2020 has been the year of a lot of things — including the year of powerhouse pop collaborations. This year, we’ve gotten chart-busting collaborations from Lady Gaga and Ariana Grande, Beyoncé and Megan Thee Stallion, Nicki Minaj and Doja Cat, Justin Bieber and Ariana Grande, Miley Cyrus and Dua Lipa, and now, Shawn Mendes and Justin Bieber. Canada has exported four of the biggest male pop stars of the past decade (Bieber, Mendes, The Weeknd, and Drake), so it was only a matter of time before some combination of the four united for a song. We’ve already gotten Drake/Bieber and The Weeknd/Drake records, and this week we were treated to an excellent duet from Shawn Mendes and Justin Bieber titled “Monster.”
Off the heels of his terrific “Wonder,” the title track and lead single from his fourth studio album, Shawn has recruited Bieber for a smooth midtempo about the crippling pressures of fame. Featuring Frank Dukes on production and songwriting credits from Daniel Caesar, the two Grammy-nominated pop stars sing about having “big dreams of doin’ shows and making memories” and being “put on a pedestal” by a world that always wanted to see them fail. In line with “Wonder,” Shawn continues his trend of introspective lyricism. “Monster” is also reminiscent of Justin’s most recent collaboration, “lonely” with benny blanco. That song had similar themes of finding peace with his turbulent past and coming to terms with the world’s fickleness when it comes to celebrity. Musically, Shawn shifts away from his penchant for acoustic guitar and relies more heavily on synths on “Monster.” There’s also a sexy electric guitar, kick drum, and bass that recalls “Ruin” from Shawn’s sophomore album while also pushing him into a more mature sound. In addition, The backing vocal arrangements and the vocalizations in the last half-minute or so are straight out of Daniel Caesar’s CASE STUDY 01 playbook.

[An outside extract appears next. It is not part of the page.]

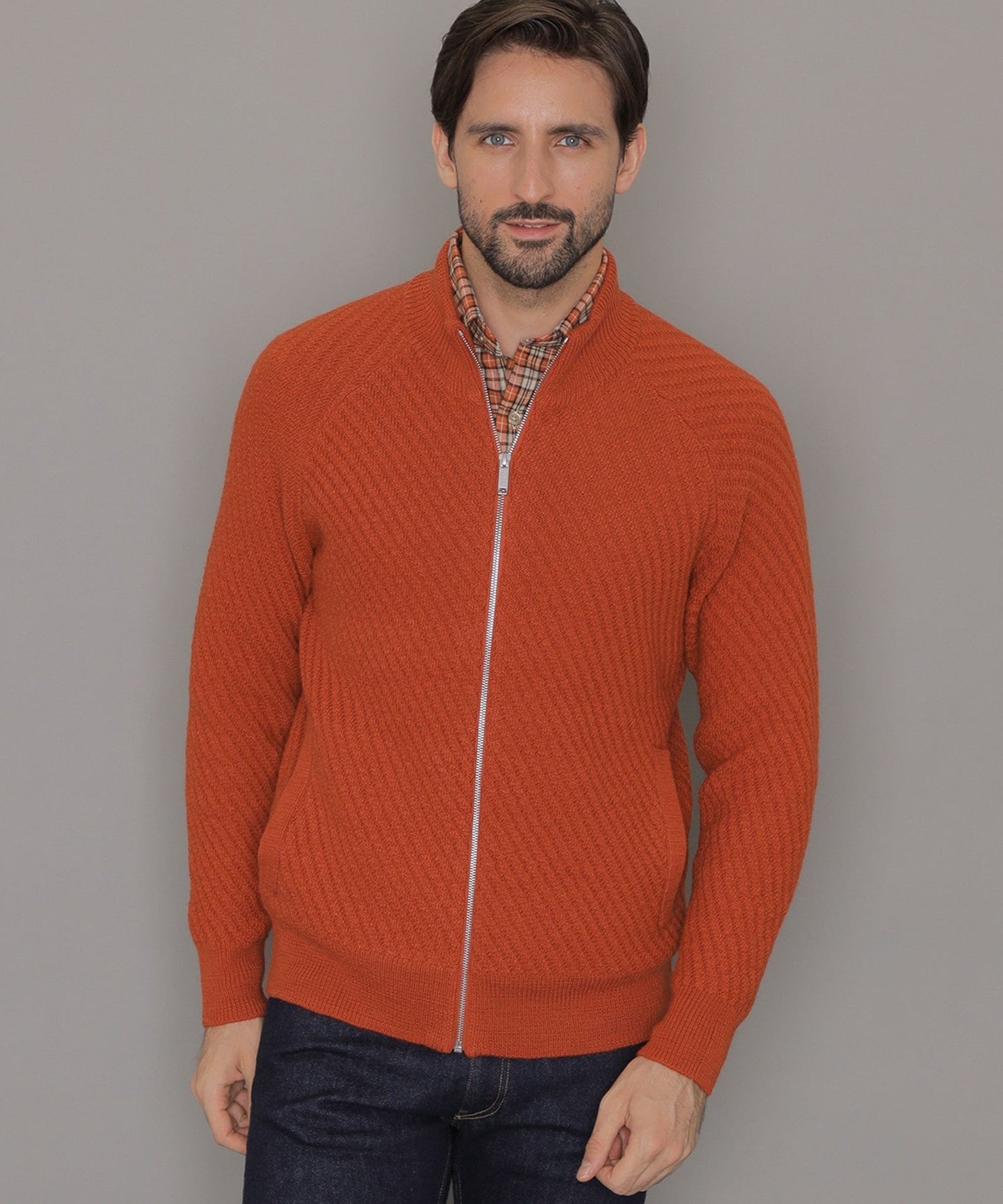 1311-G1N3240584__A,84,モデル身長186cm 着用サイズ：L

The most interesting thing about “Monster” is the two stars’ approach to singing. Both opt for vulnerable falsetto instead of the rock-inspired belts that characterized “Wonder.” “Monster” takes a soulful groove and instrumentation and combines that with a straightforward pop melody to create something truly special. Bieber attempted a foray into R&B earlier this year on his Changes album which yielded more misses than hits. One of the high points, however, was a guitar-anchored track called “E.T.A.” Between “E.T.A.” and “Monster,” it’s clear that Justin sounds most comfortable accessing elements of R&B though guitar as opposed to generic trap&b beats. His cadence on the track is also slightly reminiscent of his more hip-hop-inspired days, but, again, he sounds far more comfortable here. “Monster” is a step in the right direction for both artists. Although it may lack the bombastic feel that a collaboration of this caliber should have, the quiet strength and determination of “Monster” feels more real than any of that.